В наших беседах, спорах и хождениях по городу принимал также участие Р. Такташ, сын знаменитого татарского поэта Хади Такташа. Р. Такташ был художник, знаток искусства и поэт. Он писал стихи по-русски, и многие его образы были живописными. Мур говорил, что участие Р. Такташа вносит в наше сообщество евразийский элемент. Именно от Мура я впервые услышал о евразийстве, нечто вроде того, что потом развивал в своих книгах Л. Н. Гумилев. И это тоже было для меня новым и неожиданным и так непохожим на то, что мы тогда проходили на уроках истории.

Babaev

Однажды мне по какому-то случаю достались талоны на бесплатный обед в академической столовой. Нужно было только захватить ложки из дома. Я позвал с собой Мура, и мы встретились с ним у входа в балетную школу имени Тамары Ханум на Пушкинской, 31, где помещался в эвакуации институт мировой литературы Академии наук.
Столовая располагалась прямо при входе, в просторном вестибюле. По-видимому, это было какое-то временное помещение. Дежурная взяла у нас талоны и ушла на кухню, занимавшую часть гардеробной. Вскоре она принесла нам миски с раскаленным перловым супом и поджаренную рисовую котлетку с зеленью.
— Обожаю вегетарианскую кухню, — сказал Мур. — Она напоминает мне о Льве Толстом…
Он был в прекрасном настроении. Даже что-то такое снобическое проснулось в нем. Стульев в этой импровизированной столовой не было. Столики высокие, какие бывают в кафе на вокзале… Покрыты они были клеенкой, жесткой, как железо. И Мур припомнил по этому поводу “Казино” Мандельштама: “Но я люблю на дюнах казино, широкий вид в туманное окно и тонкий луч на скатерти измятой…”
Ложки, столь славно послужившие нам за обедом, мы вымыли горячей водой под рукомойником и уже собирались уходить, когда к нам подошла дежурная и сказала:
— Мальчики, пойдите и помогите там, в зеркальном зале, с ящиками. “В обстановке секретности”, — как говорит наш Михалыч.
Наверное, она приняла Мура за аспиранта Института мировой литературы. Мы тотчас же пошли в указанный ею зеркальный зал и увидели, что он весь разгорожен крепкими сундуками и ящиками, так, что они образуют прямые отрезки пространства: коридоры и жилые помещения. А по стенам от самого плинтуса тянутся сплошной лентой выше человеческого роста зеркала. Это был зал для репетиций балетной школы. В некоторых отсеках, там, где стояли раскладушки, столики и тумбочки, зеркала были забелены мелом.
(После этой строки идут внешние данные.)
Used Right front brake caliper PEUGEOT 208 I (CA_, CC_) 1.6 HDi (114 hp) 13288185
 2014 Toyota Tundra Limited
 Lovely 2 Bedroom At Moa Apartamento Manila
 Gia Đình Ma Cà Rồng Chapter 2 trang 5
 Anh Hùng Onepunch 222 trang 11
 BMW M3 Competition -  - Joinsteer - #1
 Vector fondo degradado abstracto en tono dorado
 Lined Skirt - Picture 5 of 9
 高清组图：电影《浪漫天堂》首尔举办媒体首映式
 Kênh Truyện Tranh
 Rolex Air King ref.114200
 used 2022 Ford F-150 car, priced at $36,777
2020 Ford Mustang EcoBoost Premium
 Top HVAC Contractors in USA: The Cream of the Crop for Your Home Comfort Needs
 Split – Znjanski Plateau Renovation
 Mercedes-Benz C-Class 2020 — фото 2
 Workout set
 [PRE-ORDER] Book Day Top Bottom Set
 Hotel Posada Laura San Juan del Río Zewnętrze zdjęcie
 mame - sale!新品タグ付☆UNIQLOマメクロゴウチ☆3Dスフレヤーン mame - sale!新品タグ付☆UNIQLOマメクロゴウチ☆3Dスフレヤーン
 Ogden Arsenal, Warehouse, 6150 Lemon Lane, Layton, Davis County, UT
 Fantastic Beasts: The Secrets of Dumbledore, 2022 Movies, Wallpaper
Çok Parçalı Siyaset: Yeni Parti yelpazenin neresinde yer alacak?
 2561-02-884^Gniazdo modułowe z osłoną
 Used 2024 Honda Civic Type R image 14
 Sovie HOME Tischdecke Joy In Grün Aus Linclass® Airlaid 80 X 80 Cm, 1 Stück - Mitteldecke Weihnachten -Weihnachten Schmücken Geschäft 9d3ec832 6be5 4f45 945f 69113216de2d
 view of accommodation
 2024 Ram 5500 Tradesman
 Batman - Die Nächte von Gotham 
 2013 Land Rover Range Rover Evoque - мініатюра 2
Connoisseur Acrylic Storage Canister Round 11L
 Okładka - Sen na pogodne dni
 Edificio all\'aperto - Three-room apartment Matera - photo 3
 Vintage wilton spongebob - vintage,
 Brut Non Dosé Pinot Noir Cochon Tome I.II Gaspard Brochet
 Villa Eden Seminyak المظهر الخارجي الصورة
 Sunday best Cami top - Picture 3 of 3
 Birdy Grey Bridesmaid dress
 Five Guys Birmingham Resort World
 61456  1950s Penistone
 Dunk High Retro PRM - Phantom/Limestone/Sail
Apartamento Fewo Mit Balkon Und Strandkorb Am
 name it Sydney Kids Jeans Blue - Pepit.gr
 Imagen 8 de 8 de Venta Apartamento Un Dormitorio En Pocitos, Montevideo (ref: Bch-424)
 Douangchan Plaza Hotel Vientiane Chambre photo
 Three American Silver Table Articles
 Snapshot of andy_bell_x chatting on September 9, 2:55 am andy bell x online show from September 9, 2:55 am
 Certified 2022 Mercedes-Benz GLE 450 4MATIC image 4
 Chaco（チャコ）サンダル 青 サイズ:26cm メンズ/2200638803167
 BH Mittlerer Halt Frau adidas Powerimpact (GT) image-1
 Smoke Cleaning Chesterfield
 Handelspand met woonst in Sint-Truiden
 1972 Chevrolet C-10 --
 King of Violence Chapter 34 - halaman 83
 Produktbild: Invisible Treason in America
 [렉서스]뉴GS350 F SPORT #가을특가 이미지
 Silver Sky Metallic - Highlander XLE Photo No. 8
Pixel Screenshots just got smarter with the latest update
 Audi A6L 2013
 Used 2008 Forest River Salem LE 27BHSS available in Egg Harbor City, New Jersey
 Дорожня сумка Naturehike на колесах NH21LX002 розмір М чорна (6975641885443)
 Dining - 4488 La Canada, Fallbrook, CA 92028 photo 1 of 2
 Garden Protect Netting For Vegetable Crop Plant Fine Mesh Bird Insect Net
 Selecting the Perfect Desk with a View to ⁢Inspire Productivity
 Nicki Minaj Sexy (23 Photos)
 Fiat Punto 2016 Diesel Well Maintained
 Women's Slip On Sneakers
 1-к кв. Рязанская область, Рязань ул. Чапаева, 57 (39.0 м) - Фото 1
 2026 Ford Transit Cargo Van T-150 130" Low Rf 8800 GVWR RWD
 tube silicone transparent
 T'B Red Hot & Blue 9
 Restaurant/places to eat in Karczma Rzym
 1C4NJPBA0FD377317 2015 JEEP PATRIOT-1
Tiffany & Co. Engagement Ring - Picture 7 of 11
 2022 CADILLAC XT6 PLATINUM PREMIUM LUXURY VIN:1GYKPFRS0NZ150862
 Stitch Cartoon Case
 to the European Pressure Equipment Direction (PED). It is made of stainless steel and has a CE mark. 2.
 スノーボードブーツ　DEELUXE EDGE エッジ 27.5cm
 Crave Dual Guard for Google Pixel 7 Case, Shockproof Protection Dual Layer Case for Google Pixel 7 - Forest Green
И по меловой поверхности прочерчены инициалы и детские рисунки.
Кто-то уже передвигал ящики под наблюдением завхоза в галифе и сапогах. И мы тоже по его указанию передвинули несколько ящиков так, что они отгородили еще какое-то пространство у стены. Галифе и сапоги отражались во всех зеркалах. Но когда мы наклонились над очередным ящиком, то вдруг увидели, что там написан инвентарный номер и обратный адрес: Москва, музей Л. Н. Толстого.
— Так вот на что намекала рисовая котлетка! — воскликнул Мур.
Мимо нас проходила дежурная, которая отправила нас сюда. Она везла на тележке красные огнетушители. Мы спросили у нее про ящики. И она сказала, что это библиотека музея Л. Н. Толстого, которую эвакуировали вместе с академическим институтом.
Мы решили поместить заметку про путешествующую библиотеку в журнале “Улисс” и отправились прямо к завхозу в галифе узнавать подробности. Но он вдруг насторожился и заявил, что ни на какие такие вопросы отвечать не будет.
— Кто вы такие? — спрашивал он. — И как сюда попали? В обстановке секретности!
А тут еще колесо тележки с огнетушителями застряло, зацепившись за соседний ящик. Мур наклонился, чтобы помочь дежурной, и у него из кармана выскользнула и покатилась по полу столовая ложка. Завхоз несколько секунд смотрел на ложку, на Мура, на меня, а потом сказал:
— Чтоб я вас тут больше не видел! В обстановке секретности…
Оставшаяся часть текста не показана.